The dyadic evidence in favor of commercial liberalism is despite these qualifications more mixed. The controversial studies of Barbieri (1996, 2002) tried to show that economic interdependence—the saliency of the trading relationships as well as the asymmetry of these relations—increases the risk of militarized interstate disputes. Replications and extensions of her work, however, show that the measure of trade asymmetry is highly collinear with conventional measures of economic interdependence (Oneal & Russett, 1999) and that the inclusion of variables measuring the power of dyad members into empirical models reestablishes the major tenet of “commercial liberalism” (Xiang et al., 2007).
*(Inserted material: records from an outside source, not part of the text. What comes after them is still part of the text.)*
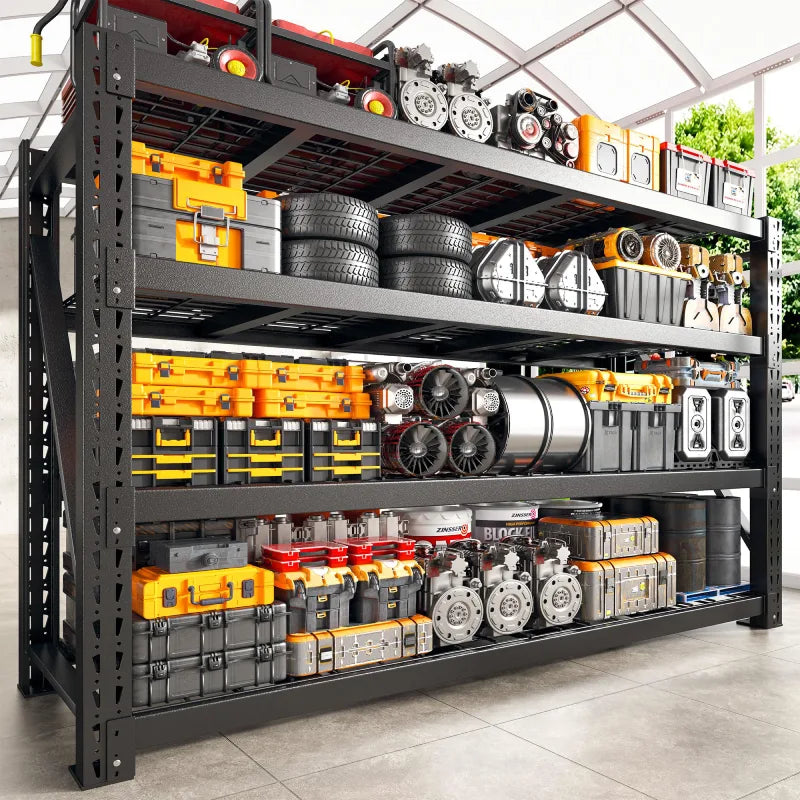 9400LBS Heavy Duty Industrial Shelving 72"H Garage Shelving 4 -Tier Adjustable Storage Shelves for Warehouse, Garage, Basement Shop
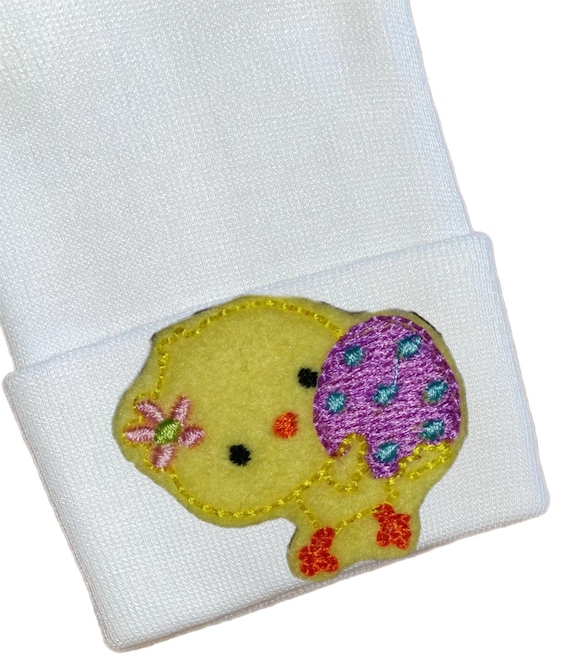 Newborn Hospital Hat Baby Beanie Easter  Newborn Hat with Chick holding Egg Cute and Makes a Great Gift and Cute Photo Prop!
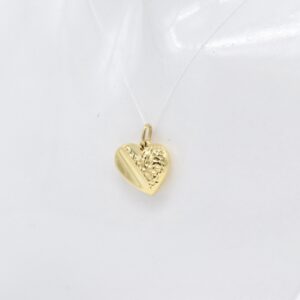 18K Yellow Gold Half‑Diacut / Plain Heart Pendant — 15 mm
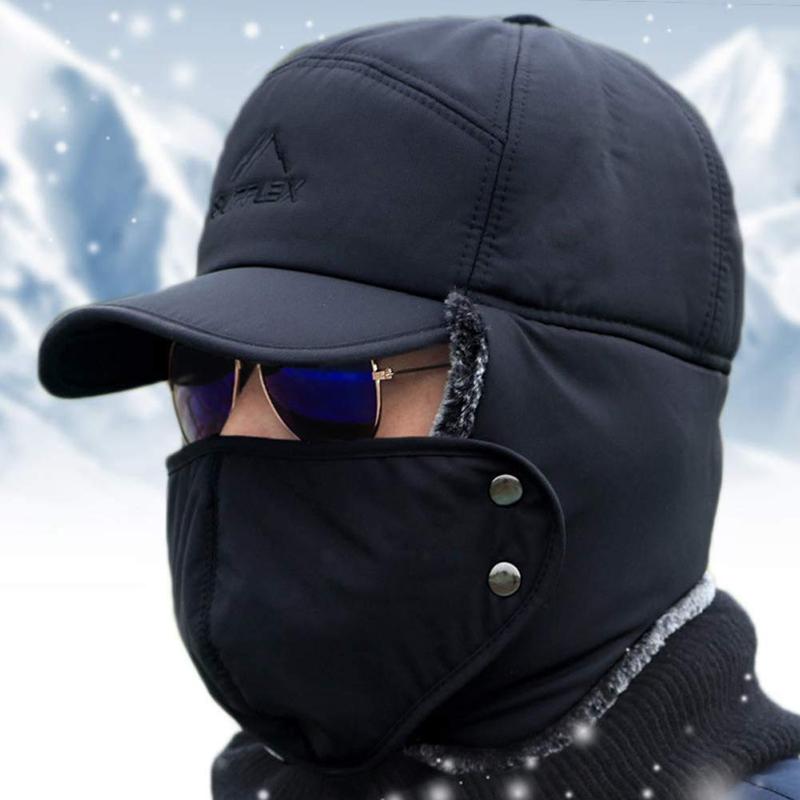 Winter Essentials Warm Hat, Winter Hat with Ear Flaps, 3 in 1 Thermal Fur Lined Trapper Hat Windproof Cycling Headwear 51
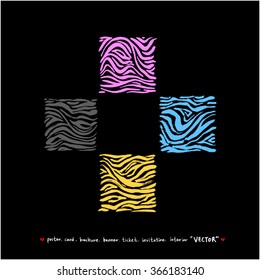 Hand drawn Zebra print - vector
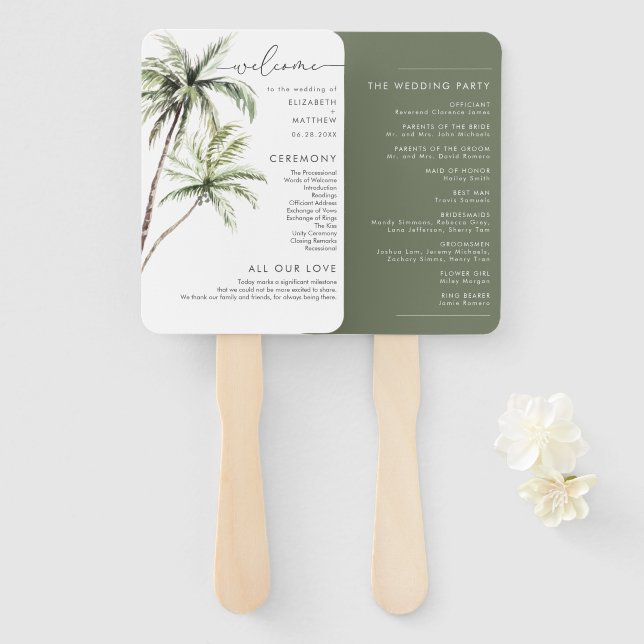 Abanico Palm Tree Tropical | Boda mínimo (Anverso y reverso)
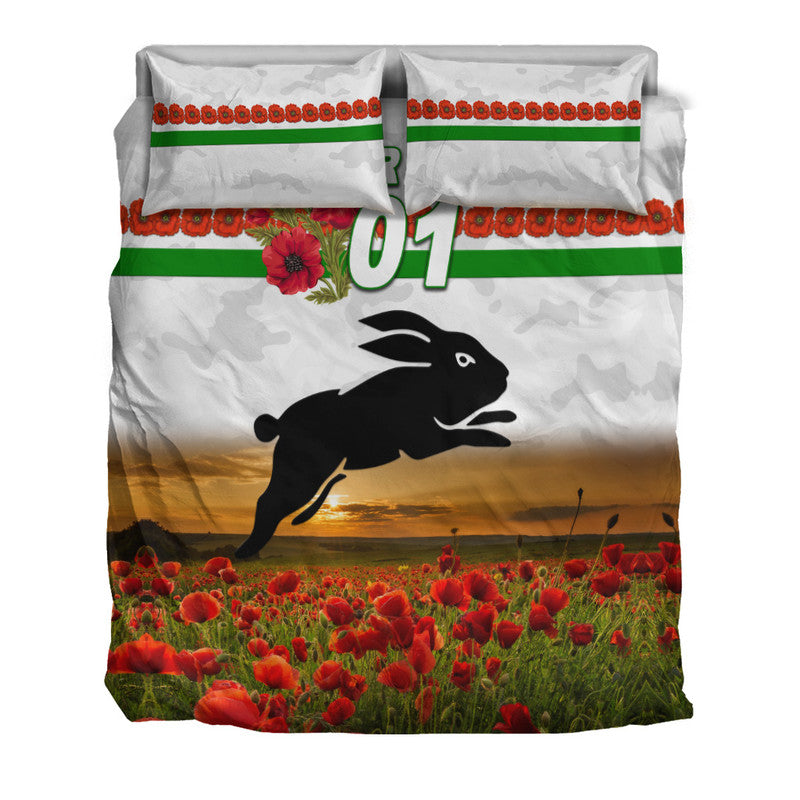 custom-personalised-south-sydney-rabbitohs-anzac-2022-bedding-set-poppy-flowers-vibes-white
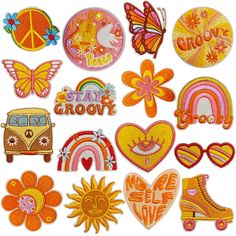 PRICES MAY VARY. 🌈【Unique Designs】The set includes 16 colorful retro boho patches in various sizes, with various patterns such as rainbow, peace and love sign, butterfly, flowers, etc.Diverse designs add more style to your clothes and meet your usage needs. 🌻【High Quality】Each of our cute patches patterns is well-made, with clear appearance, bright colors, no excess thread on the surface, smooth and delicate edges, with fine detail cuts, perfect lines to make accessories for your clothes and other items more attractive. 🎁【Gifts and DIY】Multiple hippie patches for jackets styles allow you to unleash your creativity, these cute iron on patches are great for you to make personalized gifts for your friends or family. Perfect for DIY or direct gift to someone you know who loves crafting and Boho Peace Sign, Fun Patches, Rainbow Peace, Bag Patches, Craft Decorations, Cute Patches, Shirt Diy, Cool Patches, Vintage Patches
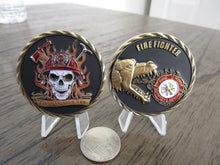 Load image into Gallery viewer, First In Last Out Fireman Skull First Responder Firefighter Challenge Coin
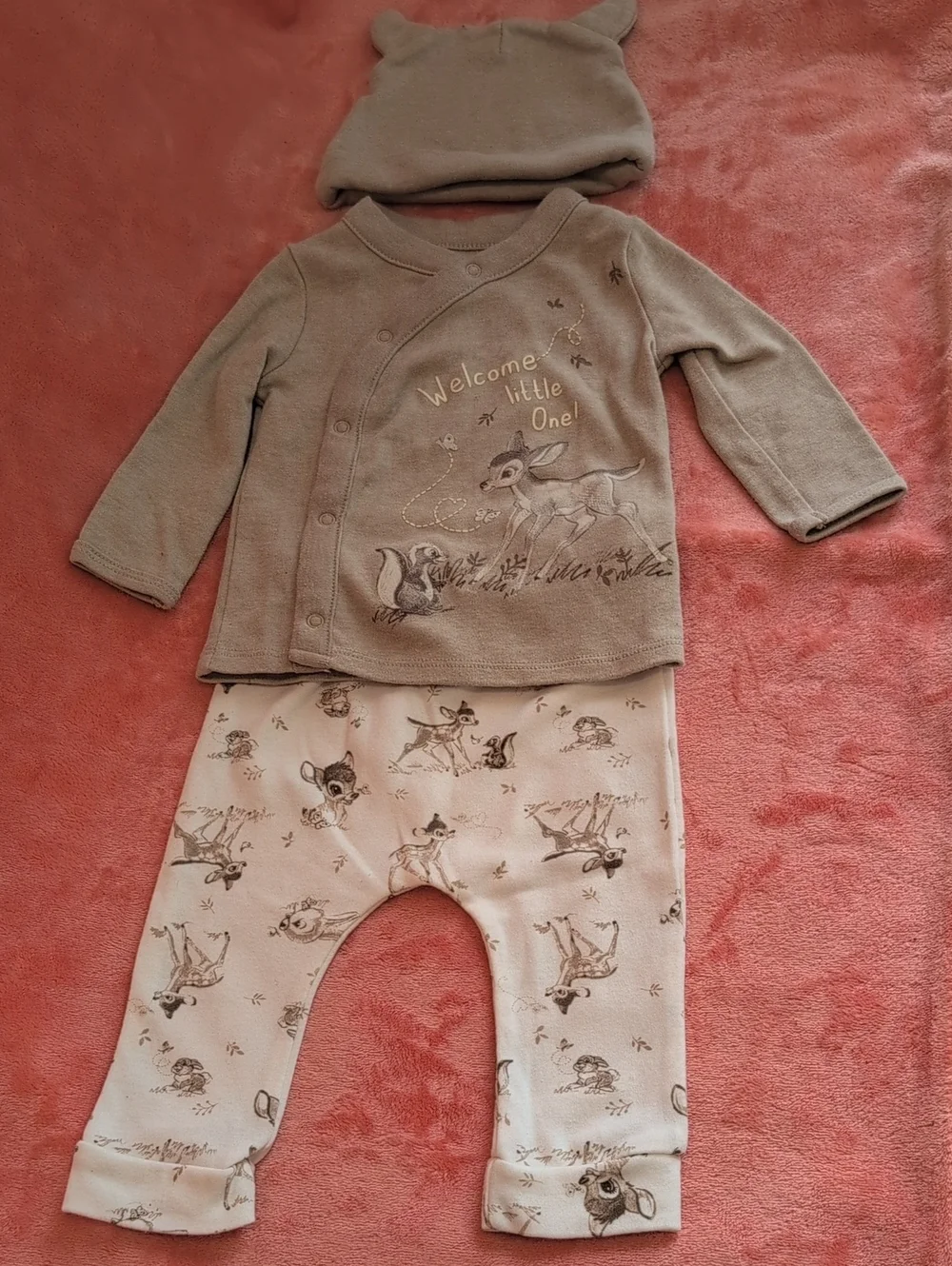 Disney Bambi 3/6m Matching Set With Beanie And Bib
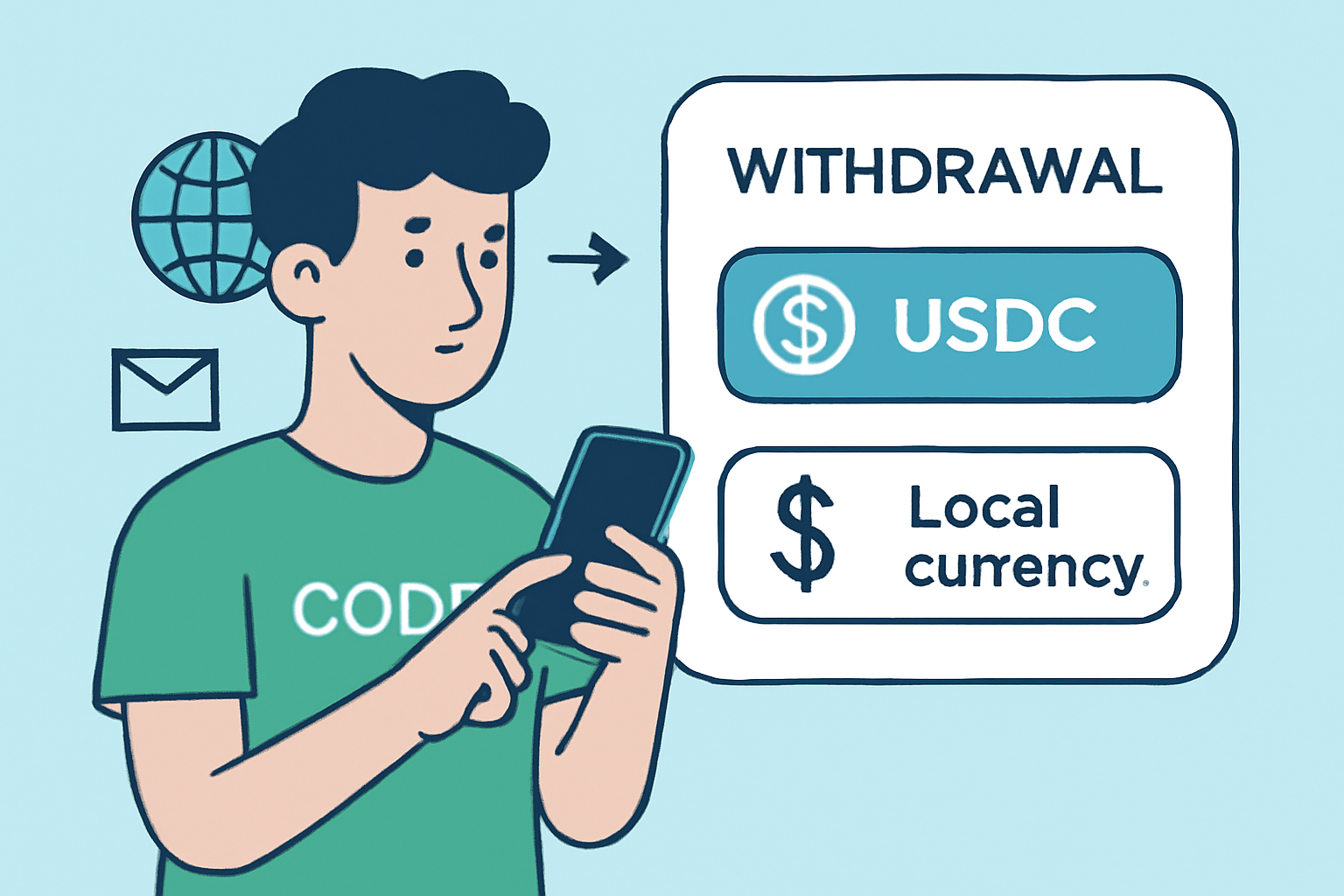 A developer holding a smartphone, choosing between USDC and local currency withdrawal options, with global icons in the background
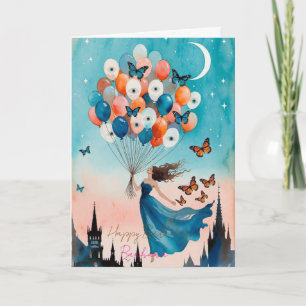 Dreamy Girl Flying with Butterflies Personalised B Card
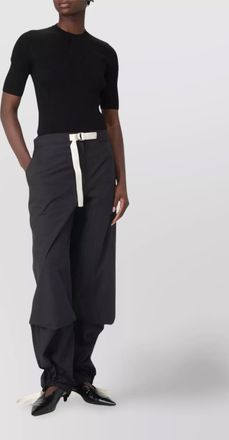 Jil Sander short sleeve fitted knit sweater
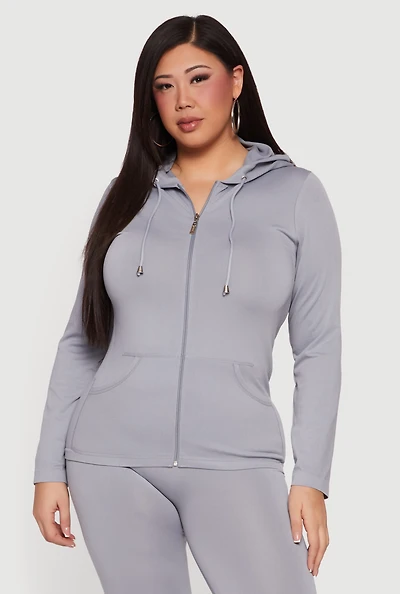Plus Solid Zip Front Hoodie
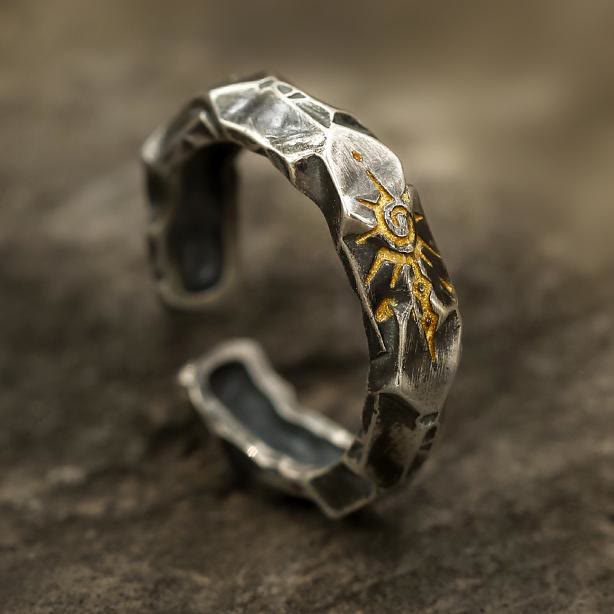 WorldNorse handgefertigtes 925er Silber Wunschstein Ring - Retro Silber - image 2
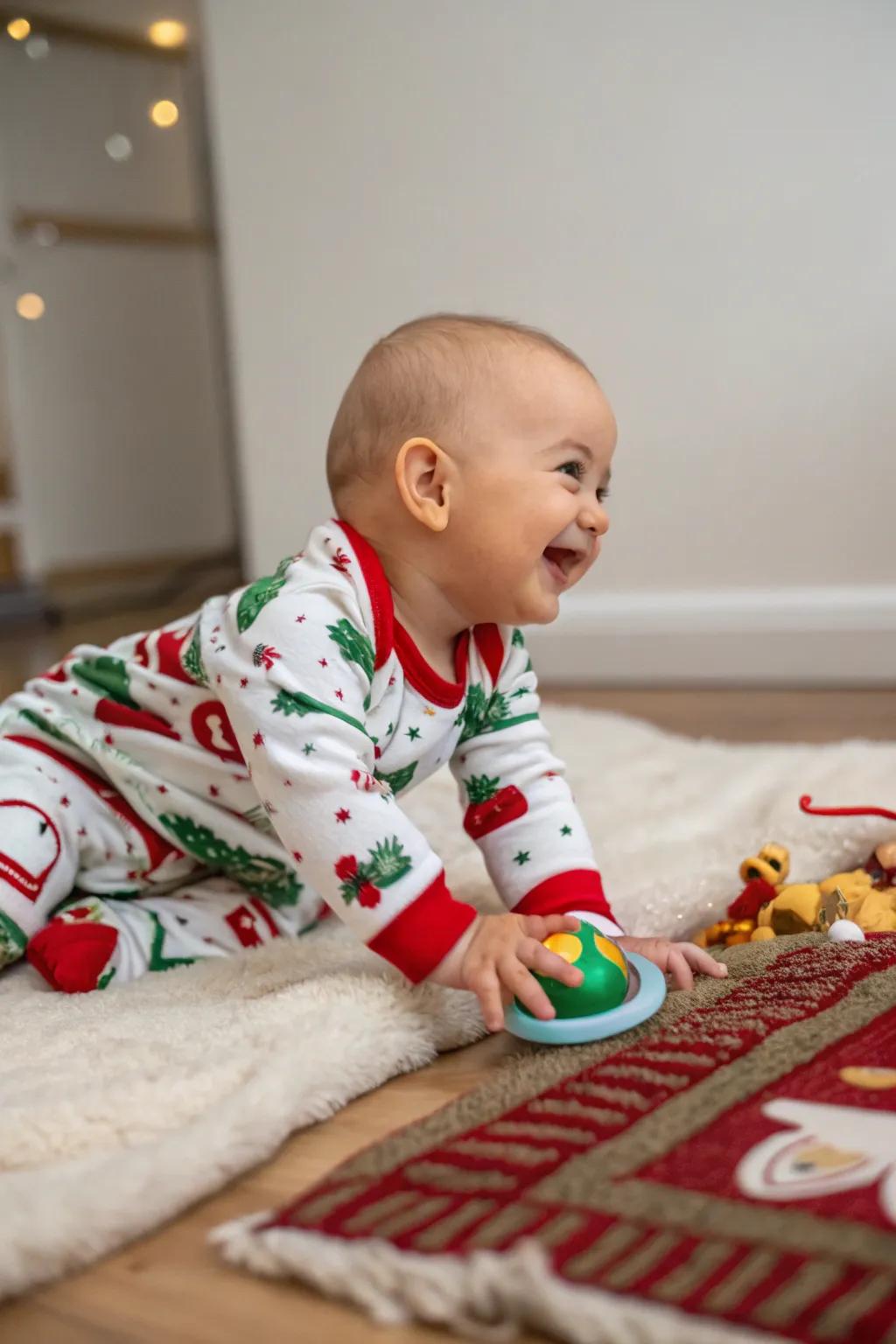 Festive nightwear adds a playful element to holiday photos.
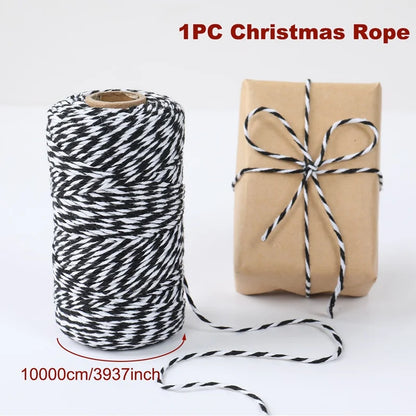 Christmas Wrapping String Rope Merry Christmas Decoration For Home 2024 Navidad Natal Noel Gift Box Packaging Rope New Year 2025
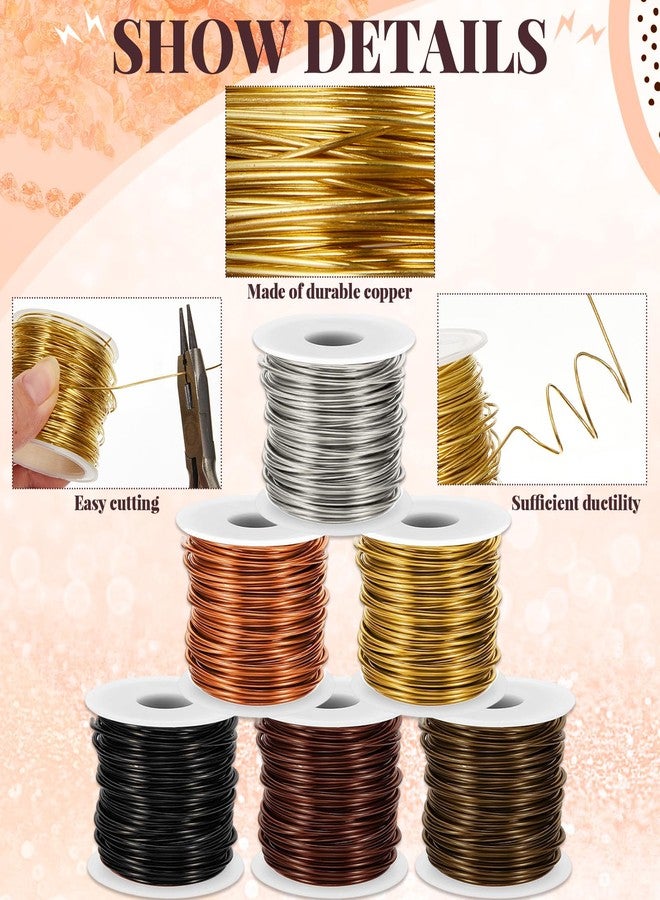 Mudder 6 Rolls 20 Gauge Jewelry Wire for Jewelry Making and Pliers - Silver Craft Tarnish Resistant Beading Wire for DIY Craft Making Supplies, Classic 6 Colors - Image 5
The conclusion of the debate over whether or not interdependence and its correlates increase the risk of war has given way to evaluations of whether or not the liberal thesis is just an artifact of statistical models that are improperly specified and in which the reported significant correlations, therefore, do not exist. According to Keshk et al. (2004), the use of simultaneous equation models shows that there is no impact of war on trade, while conflict reduces trade. Hegre et al. (2010; see also Goenner, 2011) have taken up this challenge and show, based on a gravity model of conflict, that the liberal double claim holds even if one relies on the modeling technique suggested by Keshk et al. (2004). Furthermore, Keshk et al. (2010), controlling for geographic distance, present evidence in support of their original skeptical claim. However, the position advanced by these authors and by realist scholars that politics shapes trade relationships might be overstated. The analysis by Feldman et al. (2021) shows that trade lowers the risk of militarized violence between states mainly for nations that do not possess large naval power. A functioning commercial fleet is in their view the means through which the trade lost through conflict can be substituted.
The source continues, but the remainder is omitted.